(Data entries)
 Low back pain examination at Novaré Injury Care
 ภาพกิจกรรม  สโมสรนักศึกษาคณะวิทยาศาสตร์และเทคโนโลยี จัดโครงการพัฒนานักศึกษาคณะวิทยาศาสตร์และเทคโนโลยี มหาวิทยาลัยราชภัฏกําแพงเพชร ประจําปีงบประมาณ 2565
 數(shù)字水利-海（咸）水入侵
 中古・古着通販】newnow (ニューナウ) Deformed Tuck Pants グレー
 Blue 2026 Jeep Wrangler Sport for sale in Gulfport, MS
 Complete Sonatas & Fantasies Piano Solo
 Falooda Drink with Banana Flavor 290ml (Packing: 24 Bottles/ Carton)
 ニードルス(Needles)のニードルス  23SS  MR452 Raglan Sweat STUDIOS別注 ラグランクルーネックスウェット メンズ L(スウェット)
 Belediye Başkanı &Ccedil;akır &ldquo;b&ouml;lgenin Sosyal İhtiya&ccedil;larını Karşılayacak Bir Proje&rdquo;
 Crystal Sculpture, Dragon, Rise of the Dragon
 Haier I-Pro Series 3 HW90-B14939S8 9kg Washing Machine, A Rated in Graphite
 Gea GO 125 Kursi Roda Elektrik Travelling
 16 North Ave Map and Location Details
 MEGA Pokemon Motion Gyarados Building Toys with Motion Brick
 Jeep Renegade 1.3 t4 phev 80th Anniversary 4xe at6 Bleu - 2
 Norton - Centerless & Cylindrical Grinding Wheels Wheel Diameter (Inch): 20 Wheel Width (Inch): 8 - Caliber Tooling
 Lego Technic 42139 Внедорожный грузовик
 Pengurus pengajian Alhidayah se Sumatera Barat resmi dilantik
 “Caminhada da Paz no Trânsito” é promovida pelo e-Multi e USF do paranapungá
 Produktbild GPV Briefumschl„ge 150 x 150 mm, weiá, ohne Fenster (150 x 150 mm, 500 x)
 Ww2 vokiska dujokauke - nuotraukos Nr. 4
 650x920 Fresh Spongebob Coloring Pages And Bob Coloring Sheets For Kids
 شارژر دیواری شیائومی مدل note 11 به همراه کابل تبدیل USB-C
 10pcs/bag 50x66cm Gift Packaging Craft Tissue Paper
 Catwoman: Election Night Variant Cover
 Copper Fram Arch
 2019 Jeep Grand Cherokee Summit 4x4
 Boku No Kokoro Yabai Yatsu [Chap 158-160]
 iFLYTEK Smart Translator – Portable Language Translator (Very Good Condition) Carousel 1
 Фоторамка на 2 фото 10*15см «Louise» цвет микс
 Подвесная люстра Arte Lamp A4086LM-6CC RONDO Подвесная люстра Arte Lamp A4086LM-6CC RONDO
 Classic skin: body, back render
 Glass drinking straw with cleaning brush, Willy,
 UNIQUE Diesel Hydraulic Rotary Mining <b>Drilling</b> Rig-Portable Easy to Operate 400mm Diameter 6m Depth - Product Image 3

Exercise description: Copy out every record above exactly as written.

Written reply:
 Low back pain examination at Novaré Injury Care
 ภาพกิจกรรม  สโมสรนักศึกษาคณะวิทยาศาสตร์และเทคโนโลยี จัดโครงการพัฒนานักศึกษาคณะวิทยาศาสตร์และเทคโนโลยี มหาวิทยาลัยราชภัฏกําแพงเพชร ประจําปีงบประมาณ 2565
 數(shù)字水利-海（咸）水入侵
 中古・古着通販】newnow (ニューナウ) Deformed Tuck Pants グレー
 Blue 2026 Jeep Wrangler Sport for sale in Gulfport, MS
 Complete Sonatas & Fantasies Piano Solo
 Falooda Drink with Banana Flavor 290ml (Packing: 24 Bottles/ Carton)
 ニードルス(Needles)のニードルス  23SS  MR452 Raglan Sweat STUDIOS別注 ラグランクルーネックスウェット メンズ L(スウェット)
 Belediye Başkanı &Ccedil;akır &ldquo;b&ouml;lgenin Sosyal İhtiya&ccedil;larını Karşılayacak Bir Proje&rdquo;
 Crystal Sculpture, Dragon, Rise of the Dragon
 Haier I-Pro Series 3 HW90-B14939S8 9kg Washing Machine, A Rated in Graphite
 Gea GO 125 Kursi Roda Elektrik Travelling
 16 North Ave Map and Location Details
 MEGA Pokemon Motion Gyarados Building Toys with Motion Brick
 Jeep Renegade 1.3 t4 phev 80th Anniversary 4xe at6 Bleu - 2
 Norton - Centerless & Cylindrical Grinding Wheels Wheel Diameter (Inch): 20 Wheel Width (Inch): 8 - Caliber Tooling
 Lego Technic 42139 Внедорожный грузовик
 Pengurus pengajian Alhidayah se Sumatera Barat resmi dilantik
 “Caminhada da Paz no Trânsito” é promovida pelo e-Multi e USF do paranapungá
 Produktbild GPV Briefumschl„ge 150 x 150 mm, weiá, ohne Fenster (150 x 150 mm, 500 x)
 Ww2 vokiska dujokauke - nuotraukos Nr. 4
 650x920 Fresh Spongebob Coloring Pages And Bob Coloring Sheets For Kids
 شارژر دیواری شیائومی مدل note 11 به همراه کابل تبدیل USB-C
 10pcs/bag 50x66cm Gift Packaging Craft Tissue Paper
 Catwoman: Election Night Variant Cover
 Copper Fram Arch
 2019 Jeep Grand Cherokee Summit 4x4
 Boku No Kokoro Yabai Yatsu [Chap 158-160]
 iFLYTEK Smart Translator – Portable Language Translator (Very Good Condition) Carousel 1
 Фоторамка на 2 фото 10*15см «Louise» цвет микс
 Подвесная люстра Arte Lamp A4086LM-6CC RONDO Подвесная люстра Arte Lamp A4086LM-6CC RONDO
 Classic skin: body, back render
 Glass drinking straw with cleaning brush, Willy,
 UNIQUE Diesel Hydraulic Rotary Mining <b>Drilling</b> Rig-Portable Easy to Operate 400mm Diameter 6m Depth - Product Image 3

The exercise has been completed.